Como un pedigüeño desconcertado, Abdul tomó la mano derecha de Charlie.

–Me llamo Halloran -explicó como si apenas lograse recordarlo-. Abdul, léase Arthur J. Halloran. Y si alguna vez pasas cerca de alguna embajada norteamericana, Smith, te agradecería que les dejaras una nota diciendo que Arthur Halloran, antes natural de Boston y ex miembro del espectáculo de Vietnam, y últimamente de ejércitos menos oficiales, estaría encantado de volver a su país y pagar su deuda con la sociedad antes de que estos macabeos chalados asomen por la colina y nos machaquen a todos. ¿Querrás hacerme ese favor, Smith? Quiero decir que a la hora de la verdad, nosotros los anglosajones estamos por encima de esta gente, ¿no crees?

Charlie apenas podía moverse. Una modorra irresistible la había embargado, como cuando un cuerpo malherido empieza padecer de frío. Sólo tenía ganas de acostarse. Con Halloran.
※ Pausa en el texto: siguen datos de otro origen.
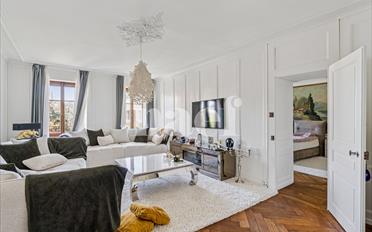 Single house 10 rooms - image - 2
Para darle el consuelo que le pedía y obtener otro tanto a cambio. Le daba igual que por la mañana decidiese informar a los instructores. Que lo hiciera. Ella sólo sabía que no podía aguantar una noche más aquella infernal celda vacía.

Él seguía sosteniéndole la mano y ella le dejó hacer como al suicida que desde el borde de la ventana contempla la calle a sus pies. Y entonces, con un supremo esfuerzo, se liberó y con ambas manos empujó aquel cuerpo enjuto hacia el pasillo; Halloran no opuso resistencia.

Luego se sentó en la cama. Era la misma noche, sin duda alguna. Aún olía a cigarrillo, podía ver la colilla a los pies de la cama.

«Si quieres, vete», había dicho Tayeh. Y luego señalaba hacia el desierto. Tayeh era un hombre muy equitativo.

«No hay miedo comparable -había dicho José-. Tu valentía será como dinero en efectivo, irás gastando cada vez más, y una noche buscarás en tus bolsillos y no encontrarás nada: ahí es donde empieza el verdadero valor.»

«Existe una sola lógica -había dicho José-: tú. No puede haber más que un superviviente: tú, y una sola persona en quien confiar: tú.»

Se quedó asomada a la ventana preocupada por la arena. Nunca había pensado que la arena pudiera subir tan alto. De día, amansada por el sol abrasador, la arena permanecía dócil y sumisa, pero en cuanto salía la luna, como ahora, empezaba a amontonarse en ingobernables conos que saltaban de un horizonte a otro, de tal forma que ella pensó que luego podría oír cómo se colaba por las ventanas para asfixiarla mientras dormía.

Su interrogatorio empezó a la mañana siguiente y, según sus cálculos a posteriori, duró un día y dos medias noches. Fue un proceso violento y absurdo según a quién le tocara acosarla y según pusieran a prueba su compromiso revolucionario o la acusaran de ser una delatora británica, sionista de los norteamericanos. Mientras duró el interrogatorio se la eximió de toda instrucción, y entre una sesión y otra permaneció en su cabaña bajo arresto domiciliario, aunque nadie parecía tomarse a mal que saliera de vez en cuando a pasear por el campamento. Se turnaron para interrogarla cuatro fervorosos muchachos árabes que trabajaban por parejas, ladrándole preguntas preparadas que leían de unas notas manuscritas, y que se enfurecían cada vez que ella no entendía su pésimo inglés. Nadie le puso la mano encima, aunque habría sido más fácil para ella, pues así al menos hubiese sabido cuándo estaban satisfechos y cuándo no. Pero sus arrebatos daban bastante miedo y a veces le gritaban por turnos, acercándole sus caras, rociándola de saliva y provocándole una terrible jaqueca. Otro de los trucos era ofrecerle un vaso de agua y luego tirárselo a la cara cuando ella se disponía a cogerlo. Pero cuando volvieron a encontrarse, el muchacho que había sido instigador de aquella escena leyó en alto una disculpa escrita delante de sus tres colegas y luego abandonó la habitación profundamente humillado.